About the job
At Crusoe, we are dedicated to accelerating the abundance of energy and intelligence. Our innovative solutions are designed to empower a world where ambitious AI creations thrive, seamlessly merging scale, speed, and sustainability.
Join us in the AI revolution by leveraging sustainable technology at Crusoe. Here, you will spearhead significant innovations, make a real difference, and collaborate with a team that is leading the charge in responsible and transformative cloud infrastructure.
About This Role:
We seek a dynamic Engineering Manager to guide our Managed Services and Production Engineering team. In this role, you will balance your efforts between enhancing reliability and managing a team of Site Reliability Engineers (SREs) focused on Crusoe's AI-managed and service offerings. You will take responsibility for the production health of services provided to enterprise clients, including Managed Kubernetes, Managed Inference, and AutoClusters, while collaborating closely with embedded engineering teams to elevate operational excellence, automation, and customer satisfaction.

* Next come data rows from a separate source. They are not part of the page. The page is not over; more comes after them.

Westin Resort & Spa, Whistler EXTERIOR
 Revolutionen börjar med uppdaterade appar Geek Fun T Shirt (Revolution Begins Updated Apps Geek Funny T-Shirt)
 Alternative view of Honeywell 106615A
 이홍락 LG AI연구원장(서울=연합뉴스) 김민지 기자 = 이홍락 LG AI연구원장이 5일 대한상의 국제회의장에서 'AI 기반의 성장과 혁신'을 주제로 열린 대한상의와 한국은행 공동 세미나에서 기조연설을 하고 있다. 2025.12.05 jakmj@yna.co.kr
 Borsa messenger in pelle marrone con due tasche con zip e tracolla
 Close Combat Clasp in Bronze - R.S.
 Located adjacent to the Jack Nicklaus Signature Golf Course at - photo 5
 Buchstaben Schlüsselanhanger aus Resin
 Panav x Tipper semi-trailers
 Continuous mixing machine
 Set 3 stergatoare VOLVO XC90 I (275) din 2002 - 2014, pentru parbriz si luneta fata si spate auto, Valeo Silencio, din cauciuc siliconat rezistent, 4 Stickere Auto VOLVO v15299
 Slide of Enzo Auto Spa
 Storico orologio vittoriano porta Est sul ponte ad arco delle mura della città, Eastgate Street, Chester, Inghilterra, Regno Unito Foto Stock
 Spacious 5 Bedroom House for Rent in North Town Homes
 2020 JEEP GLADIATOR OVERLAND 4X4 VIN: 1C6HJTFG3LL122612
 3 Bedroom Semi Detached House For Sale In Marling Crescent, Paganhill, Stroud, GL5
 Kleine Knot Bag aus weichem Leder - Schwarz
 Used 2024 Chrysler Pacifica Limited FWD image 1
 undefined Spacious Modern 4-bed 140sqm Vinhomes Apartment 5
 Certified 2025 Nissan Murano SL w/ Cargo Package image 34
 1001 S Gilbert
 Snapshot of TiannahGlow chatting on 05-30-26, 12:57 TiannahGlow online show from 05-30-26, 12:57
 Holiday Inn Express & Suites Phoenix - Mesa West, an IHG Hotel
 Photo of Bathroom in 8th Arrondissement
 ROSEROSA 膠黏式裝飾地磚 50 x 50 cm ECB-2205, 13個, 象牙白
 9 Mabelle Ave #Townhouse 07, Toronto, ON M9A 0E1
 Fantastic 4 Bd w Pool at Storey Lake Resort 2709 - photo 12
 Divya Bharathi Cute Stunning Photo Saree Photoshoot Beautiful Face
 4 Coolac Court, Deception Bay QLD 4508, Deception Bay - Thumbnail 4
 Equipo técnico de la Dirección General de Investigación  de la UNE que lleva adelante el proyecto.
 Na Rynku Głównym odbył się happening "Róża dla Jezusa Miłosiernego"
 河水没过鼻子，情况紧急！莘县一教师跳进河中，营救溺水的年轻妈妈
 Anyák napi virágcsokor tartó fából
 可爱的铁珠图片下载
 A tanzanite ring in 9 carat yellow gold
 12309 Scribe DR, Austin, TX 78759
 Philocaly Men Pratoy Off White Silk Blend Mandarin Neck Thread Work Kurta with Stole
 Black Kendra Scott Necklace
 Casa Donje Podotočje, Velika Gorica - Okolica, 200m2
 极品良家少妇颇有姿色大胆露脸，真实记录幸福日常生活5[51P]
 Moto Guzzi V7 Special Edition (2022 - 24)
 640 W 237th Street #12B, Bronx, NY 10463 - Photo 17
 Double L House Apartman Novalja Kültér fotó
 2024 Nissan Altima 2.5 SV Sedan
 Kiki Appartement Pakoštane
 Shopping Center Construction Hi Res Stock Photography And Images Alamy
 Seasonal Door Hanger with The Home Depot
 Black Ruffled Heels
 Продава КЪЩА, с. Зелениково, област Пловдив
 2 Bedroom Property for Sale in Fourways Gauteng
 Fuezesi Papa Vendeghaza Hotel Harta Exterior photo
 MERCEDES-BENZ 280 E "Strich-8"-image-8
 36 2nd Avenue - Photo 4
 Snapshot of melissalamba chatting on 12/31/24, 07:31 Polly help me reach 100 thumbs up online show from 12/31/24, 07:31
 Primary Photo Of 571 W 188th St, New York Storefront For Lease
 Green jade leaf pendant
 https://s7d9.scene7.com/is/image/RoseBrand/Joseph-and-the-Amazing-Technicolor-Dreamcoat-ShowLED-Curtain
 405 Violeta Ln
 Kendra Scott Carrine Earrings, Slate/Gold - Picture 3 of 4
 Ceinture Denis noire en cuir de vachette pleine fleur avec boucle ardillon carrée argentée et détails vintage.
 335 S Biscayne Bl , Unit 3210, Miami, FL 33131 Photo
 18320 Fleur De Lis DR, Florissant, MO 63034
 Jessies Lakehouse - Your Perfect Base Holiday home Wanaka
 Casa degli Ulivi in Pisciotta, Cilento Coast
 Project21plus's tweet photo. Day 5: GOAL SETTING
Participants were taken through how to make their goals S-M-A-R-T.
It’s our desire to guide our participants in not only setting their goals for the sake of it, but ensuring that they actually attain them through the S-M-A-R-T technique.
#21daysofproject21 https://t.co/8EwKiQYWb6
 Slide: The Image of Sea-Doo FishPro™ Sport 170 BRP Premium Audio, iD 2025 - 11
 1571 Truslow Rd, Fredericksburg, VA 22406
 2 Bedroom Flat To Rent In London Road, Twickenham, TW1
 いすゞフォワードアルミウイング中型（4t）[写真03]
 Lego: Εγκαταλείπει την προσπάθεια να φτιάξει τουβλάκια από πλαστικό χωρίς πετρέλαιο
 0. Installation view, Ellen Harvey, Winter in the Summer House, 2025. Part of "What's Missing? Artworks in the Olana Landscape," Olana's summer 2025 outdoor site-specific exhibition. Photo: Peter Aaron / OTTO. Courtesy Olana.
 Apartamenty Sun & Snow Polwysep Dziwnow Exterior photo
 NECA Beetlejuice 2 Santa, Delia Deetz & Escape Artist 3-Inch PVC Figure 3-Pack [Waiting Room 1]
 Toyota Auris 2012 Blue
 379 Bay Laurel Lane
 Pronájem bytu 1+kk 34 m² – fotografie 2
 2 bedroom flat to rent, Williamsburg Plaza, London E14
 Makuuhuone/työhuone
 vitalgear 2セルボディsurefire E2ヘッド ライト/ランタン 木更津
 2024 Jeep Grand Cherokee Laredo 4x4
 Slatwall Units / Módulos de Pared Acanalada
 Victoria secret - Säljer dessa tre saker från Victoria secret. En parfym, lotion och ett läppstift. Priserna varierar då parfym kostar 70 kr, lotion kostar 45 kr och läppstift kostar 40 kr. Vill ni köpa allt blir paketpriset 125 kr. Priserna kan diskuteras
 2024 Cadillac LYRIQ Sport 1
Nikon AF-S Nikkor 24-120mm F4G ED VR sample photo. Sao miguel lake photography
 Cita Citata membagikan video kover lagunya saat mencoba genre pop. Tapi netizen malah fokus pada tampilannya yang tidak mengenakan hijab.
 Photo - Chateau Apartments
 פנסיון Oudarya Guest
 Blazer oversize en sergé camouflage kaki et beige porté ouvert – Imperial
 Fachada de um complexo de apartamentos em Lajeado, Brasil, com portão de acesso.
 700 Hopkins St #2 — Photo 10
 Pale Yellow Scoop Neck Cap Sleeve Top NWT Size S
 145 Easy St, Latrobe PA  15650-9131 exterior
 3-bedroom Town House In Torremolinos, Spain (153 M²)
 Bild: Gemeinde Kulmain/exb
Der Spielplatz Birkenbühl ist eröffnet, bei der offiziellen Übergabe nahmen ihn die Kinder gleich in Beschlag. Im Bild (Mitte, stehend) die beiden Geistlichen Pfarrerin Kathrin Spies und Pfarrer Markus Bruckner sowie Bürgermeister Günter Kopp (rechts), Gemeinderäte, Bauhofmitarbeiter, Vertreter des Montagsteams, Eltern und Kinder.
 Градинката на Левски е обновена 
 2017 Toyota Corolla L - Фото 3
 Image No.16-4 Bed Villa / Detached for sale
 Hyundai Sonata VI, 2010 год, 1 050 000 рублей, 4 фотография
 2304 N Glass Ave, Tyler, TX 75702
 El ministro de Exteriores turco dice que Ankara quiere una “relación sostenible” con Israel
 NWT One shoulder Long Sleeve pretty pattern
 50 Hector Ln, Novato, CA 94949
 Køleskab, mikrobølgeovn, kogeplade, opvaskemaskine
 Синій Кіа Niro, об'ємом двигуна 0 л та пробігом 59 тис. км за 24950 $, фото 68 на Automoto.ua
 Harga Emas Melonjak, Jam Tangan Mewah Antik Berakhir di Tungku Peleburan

What You'll Be Working On:
Leading and developing a team of SREs within Crusoe's Managed AI and Managed Services sectors, establishing technical direction and nurturing a culture of ownership and continuous enhancement.
Contributing as an individual contributor—reviewing code, creating tools, and promoting automation to minimize manual work and increase the reliability and scalability of managed services.
Taking charge of SLA/SLO performance, incident response, and on-call health for managed services; conducting blameless post-mortems and driving systemic remediation efforts.
Collaborating with product and platform engineering teams to influence infrastructure design, observability strategies, and operational readiness for both new and existing managed services.
Establishing and monitoring reliability, performance, and operational maturity metrics across the team; converting data into prioritized roadmap investments.
Acting as a technical escalation point for high-severity production incidents impacting enterprise customers, and coordinating with Cloud Support and Customer Success teams to ensure effective resolution and communication.
What You'll Bring to the Team:
Over 5 years of experience in software or infrastructure engineering, with a minimum of 1–2 years in an engineering management or technical lead position.
Proven track record in leading teams and driving technical initiatives.